An electron microscope is defined as the type of microscope in which the source of illumination is the beam of accelerated electrons. It is a special type of microscope with a high resolution of images as the images can be magnified in nanometers.

There are two types of electron microscopes:

• The transmission electron microscope (TEM)
• The scanning electron microscope (SEM)

Principle of Electron Microscope

The metal used in an electron microscope is tungsten. A high voltage current is applied which results in the excitation of the electrons in the form of a continuous stream that is used as a beam of light. The lenses used in the electron microscope are magnetic coils. These magnetic coils are capable of focusing the electron beam on the sample such that the sample gets illuminated. As the flow of current increases, the strength of the magnetic lens increases.

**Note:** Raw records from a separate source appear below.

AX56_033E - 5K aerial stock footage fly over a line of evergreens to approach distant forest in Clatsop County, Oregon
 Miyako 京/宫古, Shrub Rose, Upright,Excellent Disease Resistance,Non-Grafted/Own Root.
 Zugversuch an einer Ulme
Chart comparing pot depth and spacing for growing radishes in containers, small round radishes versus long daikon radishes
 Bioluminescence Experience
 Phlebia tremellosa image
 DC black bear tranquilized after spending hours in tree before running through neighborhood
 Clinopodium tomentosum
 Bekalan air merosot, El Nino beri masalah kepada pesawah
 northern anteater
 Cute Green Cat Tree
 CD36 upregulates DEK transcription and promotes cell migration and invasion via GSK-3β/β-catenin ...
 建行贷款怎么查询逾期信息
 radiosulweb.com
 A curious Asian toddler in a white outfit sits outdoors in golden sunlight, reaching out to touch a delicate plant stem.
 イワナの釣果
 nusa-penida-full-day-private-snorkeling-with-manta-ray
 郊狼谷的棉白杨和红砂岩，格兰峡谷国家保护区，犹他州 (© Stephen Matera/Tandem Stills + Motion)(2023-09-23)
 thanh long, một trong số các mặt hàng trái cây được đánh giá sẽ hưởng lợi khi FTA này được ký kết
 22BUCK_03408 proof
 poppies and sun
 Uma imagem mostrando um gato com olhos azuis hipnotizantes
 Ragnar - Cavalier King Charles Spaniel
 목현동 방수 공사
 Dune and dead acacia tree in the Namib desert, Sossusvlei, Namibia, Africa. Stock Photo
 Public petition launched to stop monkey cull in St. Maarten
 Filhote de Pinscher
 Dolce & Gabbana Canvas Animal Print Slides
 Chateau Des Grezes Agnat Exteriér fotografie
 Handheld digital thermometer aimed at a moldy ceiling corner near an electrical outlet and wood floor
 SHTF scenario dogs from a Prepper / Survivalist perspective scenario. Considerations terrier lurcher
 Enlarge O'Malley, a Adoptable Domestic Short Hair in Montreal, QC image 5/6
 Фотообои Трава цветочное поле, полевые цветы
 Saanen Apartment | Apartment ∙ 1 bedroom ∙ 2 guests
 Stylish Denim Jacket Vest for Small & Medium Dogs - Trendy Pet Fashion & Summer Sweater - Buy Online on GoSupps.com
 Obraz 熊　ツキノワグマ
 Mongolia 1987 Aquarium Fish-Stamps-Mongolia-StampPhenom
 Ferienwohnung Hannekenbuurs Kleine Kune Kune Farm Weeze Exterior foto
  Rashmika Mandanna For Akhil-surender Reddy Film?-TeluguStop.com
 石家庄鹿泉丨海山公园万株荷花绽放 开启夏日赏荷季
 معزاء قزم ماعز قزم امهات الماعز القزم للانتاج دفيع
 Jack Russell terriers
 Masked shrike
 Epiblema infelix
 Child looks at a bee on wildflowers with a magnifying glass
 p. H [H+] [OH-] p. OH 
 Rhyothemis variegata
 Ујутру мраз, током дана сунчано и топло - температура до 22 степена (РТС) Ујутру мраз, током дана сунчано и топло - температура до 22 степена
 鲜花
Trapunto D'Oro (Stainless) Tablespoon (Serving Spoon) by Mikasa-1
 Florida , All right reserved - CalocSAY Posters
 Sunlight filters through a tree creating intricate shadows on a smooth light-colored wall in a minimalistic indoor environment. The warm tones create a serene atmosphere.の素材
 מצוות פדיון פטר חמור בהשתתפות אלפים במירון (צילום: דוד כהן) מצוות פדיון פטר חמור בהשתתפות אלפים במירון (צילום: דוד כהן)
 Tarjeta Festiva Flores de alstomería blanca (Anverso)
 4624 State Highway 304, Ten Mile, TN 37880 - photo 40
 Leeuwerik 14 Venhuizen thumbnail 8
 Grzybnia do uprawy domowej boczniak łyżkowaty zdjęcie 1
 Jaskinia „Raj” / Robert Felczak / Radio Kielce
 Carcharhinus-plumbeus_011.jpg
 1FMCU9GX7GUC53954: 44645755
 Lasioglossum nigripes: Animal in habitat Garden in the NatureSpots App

The electron beam flow is designed such that it cannot pass through the glass lens.

Application of Electron Microscope

• Quality control and failure analysis in industries are done with the help of an electron microscope.
• The images obtained in an electron microscope can be captured as electron micrographs with the help of specialized cameras.
• The study of metals and crystals became easy with the introduction of an electron microscope.

Stereo Microscope

A stereo microscope is defined as a type of microscope that provides a three-dimensional view of a specimen. It is also known as a dissecting microscope. In a stereo microscope, there are separate objective lenses and eyepiece such that there are two separate optical paths for each eye.

Principle of Stereo Microscope

A stereo microscope works on the reflected light from the sample. The magnification of the microscope takes place at low power and hence, it is suitable for magnifying opaque objects. It is suitable for thick and solid samples because it uses light reflected from the sample. The magnification of the stereo microscope is between 20x and 50x.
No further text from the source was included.